Sunday, July 12, 2009

Running in Heaven


Yesterday was hot...nothing unusual for South Mississippi. Actually, it was much cooler than it had been in a couple of weeks, so I decided to ditch the treadmill plan and head outside...that's when I discovered that 10 degrees cooler than it had been was still plenty hot. So, as I ran around the local track, sweat dripping off of me with every step, I had to wonder why in the world was I doing this? I guess it's because I actually like it...and I used to love it.

So what changed? Well, after a 2 year layoff from running, I gained weight, got sluggish, and basically just lost my pace...and now I have a long way to go to get back to where I was when I started running in the spring of 2006. Each step is a challenge now. That's where the random thought came in. "I bet it won't be this hard to run in heaven. "

Well, now I'm on a major tangent. I'm thinking about running in heaven where my knees never hurt, the weather is perfect, my breathing is easy, (no pollen in the air), and there is a spring in my step that says "speed up if you want to." Of course, everyone else in heaven will be able to run just as well...so how could you have a race? I guess we'd all just run for the fun of it. I had to wonder...when was the last time I ran, "just for the fun of it?" Most of my running is so I can lose weight, get faster, win races. I had forgotten about the fun.

I wonder how many other things in life I do in "competition mode." I compete or compare myself to others...not as fast as her, doing better than him, etc. etc. etc. Sometimes I even compare with myself...I'm not as fast as I once was, or as young as I was or whatever. That's what takes the fun out of running and it takes the fun out of living. I can temporarily make myself feel better about myself by finding fault, or I can make myself feel worse about my self by seeing how others are "better than me". Either way, my focus is off and the race becomes a struggle. It is almost as if I pick the other person up and carry them along with me as I run. Trust me, I am plenty slow enough as it is...I really don't need to be carrying any extra weight to slow me down even more.

That's the problem with comparison. As long as I concentrate on doing what God has called me to do, I am just fine. I can grow and become what I am supposed to be...it's when I start comparing myself with others and what they can do that I have problems. When I try to keep up with someone else and run their race, I struggle and I lose my joy. What I am doing becomes stressful, tiring, and fruitless. However, when I am able to look to the One who has called me to "run", then the stress falls away and joy takes its place. I run MY race, taking each day as it comes. Living can actually become "fun" again. It becomes an adventure.

So back to running in heaven. In heaven I guess we won't run to see who can win, but we'll run for fun. Even if I am "racing" with someone else, it won't be so much competition as camaraderie. I have to wonder, why wait?

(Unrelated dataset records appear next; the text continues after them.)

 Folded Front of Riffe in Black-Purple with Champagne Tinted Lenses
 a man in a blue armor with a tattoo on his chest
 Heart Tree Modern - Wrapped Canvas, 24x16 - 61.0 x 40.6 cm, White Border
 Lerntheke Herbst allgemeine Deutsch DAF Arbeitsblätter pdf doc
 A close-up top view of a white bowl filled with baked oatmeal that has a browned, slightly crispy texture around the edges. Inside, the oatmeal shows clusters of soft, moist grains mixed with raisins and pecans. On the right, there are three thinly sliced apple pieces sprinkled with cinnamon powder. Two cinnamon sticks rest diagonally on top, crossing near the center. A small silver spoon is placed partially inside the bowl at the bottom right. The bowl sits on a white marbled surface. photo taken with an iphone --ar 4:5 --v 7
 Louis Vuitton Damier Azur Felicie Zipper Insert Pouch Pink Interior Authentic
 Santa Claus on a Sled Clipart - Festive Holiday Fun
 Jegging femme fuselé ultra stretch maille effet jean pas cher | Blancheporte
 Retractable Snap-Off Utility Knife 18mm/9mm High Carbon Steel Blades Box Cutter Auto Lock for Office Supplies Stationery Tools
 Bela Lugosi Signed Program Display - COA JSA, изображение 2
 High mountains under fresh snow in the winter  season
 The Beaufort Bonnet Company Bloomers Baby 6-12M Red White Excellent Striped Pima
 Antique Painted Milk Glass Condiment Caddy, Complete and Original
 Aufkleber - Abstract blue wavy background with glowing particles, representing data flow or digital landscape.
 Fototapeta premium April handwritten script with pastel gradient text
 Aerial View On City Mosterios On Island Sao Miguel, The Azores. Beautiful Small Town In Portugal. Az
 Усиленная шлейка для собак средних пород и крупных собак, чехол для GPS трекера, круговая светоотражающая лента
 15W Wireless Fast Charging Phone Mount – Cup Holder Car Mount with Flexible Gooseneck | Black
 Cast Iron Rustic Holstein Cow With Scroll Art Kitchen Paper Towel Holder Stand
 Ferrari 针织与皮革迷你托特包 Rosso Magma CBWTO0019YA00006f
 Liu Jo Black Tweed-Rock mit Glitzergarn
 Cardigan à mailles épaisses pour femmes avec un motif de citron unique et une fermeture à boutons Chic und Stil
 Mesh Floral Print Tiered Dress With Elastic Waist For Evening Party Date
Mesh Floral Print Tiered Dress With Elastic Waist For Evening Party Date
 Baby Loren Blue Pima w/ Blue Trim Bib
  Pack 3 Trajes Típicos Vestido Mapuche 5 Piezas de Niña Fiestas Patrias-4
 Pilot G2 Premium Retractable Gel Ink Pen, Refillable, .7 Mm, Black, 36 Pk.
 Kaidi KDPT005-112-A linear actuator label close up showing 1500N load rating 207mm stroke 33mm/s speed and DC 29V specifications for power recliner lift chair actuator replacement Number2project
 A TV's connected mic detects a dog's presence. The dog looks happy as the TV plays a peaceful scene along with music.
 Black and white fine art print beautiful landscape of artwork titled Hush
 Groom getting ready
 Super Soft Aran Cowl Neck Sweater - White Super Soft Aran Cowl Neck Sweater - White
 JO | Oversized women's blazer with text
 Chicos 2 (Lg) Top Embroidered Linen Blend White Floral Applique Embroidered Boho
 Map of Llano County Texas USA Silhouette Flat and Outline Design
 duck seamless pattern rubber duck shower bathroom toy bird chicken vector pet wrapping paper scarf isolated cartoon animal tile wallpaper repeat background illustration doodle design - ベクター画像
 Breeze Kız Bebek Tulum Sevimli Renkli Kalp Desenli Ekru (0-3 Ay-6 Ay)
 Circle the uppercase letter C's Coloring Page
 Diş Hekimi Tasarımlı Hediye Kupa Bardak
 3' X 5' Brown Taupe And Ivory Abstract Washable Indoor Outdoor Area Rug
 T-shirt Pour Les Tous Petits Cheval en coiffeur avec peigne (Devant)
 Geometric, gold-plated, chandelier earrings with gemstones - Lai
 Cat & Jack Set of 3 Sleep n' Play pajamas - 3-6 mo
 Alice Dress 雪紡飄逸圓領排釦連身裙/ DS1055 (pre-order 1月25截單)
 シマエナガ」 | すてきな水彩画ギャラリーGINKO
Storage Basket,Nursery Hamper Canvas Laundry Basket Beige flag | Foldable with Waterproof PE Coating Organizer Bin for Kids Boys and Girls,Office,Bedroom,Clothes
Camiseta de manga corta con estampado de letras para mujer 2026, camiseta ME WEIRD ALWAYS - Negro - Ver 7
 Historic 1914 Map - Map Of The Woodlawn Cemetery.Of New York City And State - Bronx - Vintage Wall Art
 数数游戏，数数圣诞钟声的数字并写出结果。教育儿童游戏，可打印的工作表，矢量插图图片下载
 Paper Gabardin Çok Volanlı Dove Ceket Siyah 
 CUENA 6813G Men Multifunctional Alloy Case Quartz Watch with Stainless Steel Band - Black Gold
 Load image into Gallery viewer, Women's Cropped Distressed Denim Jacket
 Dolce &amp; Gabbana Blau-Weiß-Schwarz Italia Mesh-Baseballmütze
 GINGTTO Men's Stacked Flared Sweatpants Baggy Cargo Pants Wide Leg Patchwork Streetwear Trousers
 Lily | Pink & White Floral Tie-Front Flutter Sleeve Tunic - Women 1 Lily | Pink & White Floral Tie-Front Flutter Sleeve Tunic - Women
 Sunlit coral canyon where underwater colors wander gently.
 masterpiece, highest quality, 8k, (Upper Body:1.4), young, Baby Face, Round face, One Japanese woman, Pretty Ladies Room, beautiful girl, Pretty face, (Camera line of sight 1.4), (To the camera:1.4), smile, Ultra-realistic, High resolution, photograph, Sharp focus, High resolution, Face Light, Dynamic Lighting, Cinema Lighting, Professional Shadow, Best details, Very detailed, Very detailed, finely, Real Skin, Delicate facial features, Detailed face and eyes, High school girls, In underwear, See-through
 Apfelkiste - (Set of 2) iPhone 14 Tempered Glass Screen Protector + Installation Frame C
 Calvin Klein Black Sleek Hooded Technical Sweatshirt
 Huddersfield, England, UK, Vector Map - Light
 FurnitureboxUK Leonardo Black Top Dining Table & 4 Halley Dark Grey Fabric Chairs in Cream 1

Why not shift my focus now and start enjoying the "run?" Look at the beauty around me, feel my heart pump, or delight in the sweat that lets me know I am alive. I can enjoy the race with others simply because we are running together. My race is not their race...and theirs is not mine. The "Human Race" isn't really a "race" to see who wins....it's a run we can make together, encouraging each other and enjoying each step of the way.

I don't want to wait till I get to heaven to enjoy the "run". We are surrounded by all those who have "run" before us. They blazed the trail and now they are cheering us on. It's time to lay aside the extra weight that so easily attaches itself to us (when we compare ourselves to others) and run the race that God has planned for us. (Reference Hebrews 12:1) This is our time to run. Let's enjoy the adventure on the way.

1 comment:

Happy Feet 26.2 said...

Super! I am constantly reminding myself to "enjoy it" and I truly do, I love life and LOVE my running, but I do have the huge part of me that I always compare to my last race. For me, I am not really competitive with others, but myself. I know with age and time I am near the end of my prs and I wonder, what will running be like for me when I no longer have the ability to pr. Will I still find the same love for it? Not sure, but I hope I am still at it, long after the pr's have passed me by. So thankful for my health.